Parler de Dieu dans le langage des hommes

 

       Patrick Banon, fondateur de l’Institut des Sciences de la Diversité a choisi un titre provocateur pour raconter le destin tragique de Jean : ‘Le jumeau du Christ’. L’auteur présente le drame de Jean appelé à disparaître pour que Jésus ait sa personnalité et un destin propre. « A l’image des jumeaux mythiques, il faut que l’un disparaisse pour que l’autre ait accès à l’immortalité… » (p.272) Ce récit historique est écrit comme une véritable aventure humaine et religieuse.
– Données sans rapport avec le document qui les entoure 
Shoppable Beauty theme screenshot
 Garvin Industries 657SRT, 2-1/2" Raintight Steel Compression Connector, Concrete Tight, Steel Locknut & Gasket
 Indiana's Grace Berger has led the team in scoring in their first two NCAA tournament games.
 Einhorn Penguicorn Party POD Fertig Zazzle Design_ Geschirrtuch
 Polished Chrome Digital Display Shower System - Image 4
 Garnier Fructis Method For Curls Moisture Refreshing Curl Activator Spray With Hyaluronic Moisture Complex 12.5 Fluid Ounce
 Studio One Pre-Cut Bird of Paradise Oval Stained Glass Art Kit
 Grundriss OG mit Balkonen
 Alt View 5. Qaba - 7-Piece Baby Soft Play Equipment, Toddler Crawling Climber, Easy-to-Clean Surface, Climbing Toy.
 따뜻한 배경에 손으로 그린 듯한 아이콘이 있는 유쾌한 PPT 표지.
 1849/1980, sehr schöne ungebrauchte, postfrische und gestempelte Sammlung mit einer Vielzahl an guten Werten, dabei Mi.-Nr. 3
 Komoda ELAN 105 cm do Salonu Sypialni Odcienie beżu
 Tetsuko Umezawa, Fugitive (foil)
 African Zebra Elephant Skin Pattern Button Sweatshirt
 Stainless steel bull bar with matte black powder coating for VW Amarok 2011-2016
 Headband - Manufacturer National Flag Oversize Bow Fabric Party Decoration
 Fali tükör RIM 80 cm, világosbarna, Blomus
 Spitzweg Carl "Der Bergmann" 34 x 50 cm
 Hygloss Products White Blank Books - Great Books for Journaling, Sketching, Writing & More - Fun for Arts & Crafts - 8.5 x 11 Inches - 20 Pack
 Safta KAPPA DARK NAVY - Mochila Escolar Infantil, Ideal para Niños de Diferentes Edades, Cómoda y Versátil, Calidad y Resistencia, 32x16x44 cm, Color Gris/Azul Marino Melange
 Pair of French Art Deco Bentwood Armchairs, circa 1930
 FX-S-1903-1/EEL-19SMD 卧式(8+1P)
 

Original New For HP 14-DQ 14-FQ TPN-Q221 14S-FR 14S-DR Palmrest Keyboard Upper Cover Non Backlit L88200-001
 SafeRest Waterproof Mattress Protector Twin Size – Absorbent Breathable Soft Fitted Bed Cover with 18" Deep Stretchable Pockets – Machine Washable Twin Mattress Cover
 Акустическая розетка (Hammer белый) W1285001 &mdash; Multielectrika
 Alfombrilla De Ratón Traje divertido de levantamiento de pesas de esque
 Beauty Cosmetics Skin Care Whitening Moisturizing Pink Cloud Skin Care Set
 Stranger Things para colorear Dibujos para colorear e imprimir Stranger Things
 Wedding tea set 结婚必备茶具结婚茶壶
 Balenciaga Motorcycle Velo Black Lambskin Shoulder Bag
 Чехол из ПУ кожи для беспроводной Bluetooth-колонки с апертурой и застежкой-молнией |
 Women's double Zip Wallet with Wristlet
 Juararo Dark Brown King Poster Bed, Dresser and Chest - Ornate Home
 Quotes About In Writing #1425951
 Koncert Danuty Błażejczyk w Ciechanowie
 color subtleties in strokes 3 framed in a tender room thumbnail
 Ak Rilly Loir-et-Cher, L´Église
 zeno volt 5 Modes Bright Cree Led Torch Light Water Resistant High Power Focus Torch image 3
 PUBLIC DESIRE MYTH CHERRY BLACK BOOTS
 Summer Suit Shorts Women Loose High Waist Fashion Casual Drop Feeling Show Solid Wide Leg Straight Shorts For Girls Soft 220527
        Jean a vécu dans une société marquée non seulement par la/des sécheresse/s et des tremblements de terre, mais aussi par la violence qui régnait dans le peuple juif du  temps du roi Hérode. S’étant compromis avec le pouvoir romain, Hérode avait placé au pinacle du Temple, symbole de l’identité juive, l’aigle d’or, symbole de l’autorité de Rome. L’auteur souligne aussi la fragilité de César, causée entre autres par la traduction de la Torah en grec. Cette traduction permettait la diffusion de la pensée hébraïque dans le monde grec et latin. A Rome, cette interaction des cultures était reçue comme une menace pour le culte impérial. Aussi, quand des Juifs osèrent abattre l’aigle d’or, ils subirent le martyre, Rome voulant faire taire toute contestation qui fragiliserait encore plus son pouvoir.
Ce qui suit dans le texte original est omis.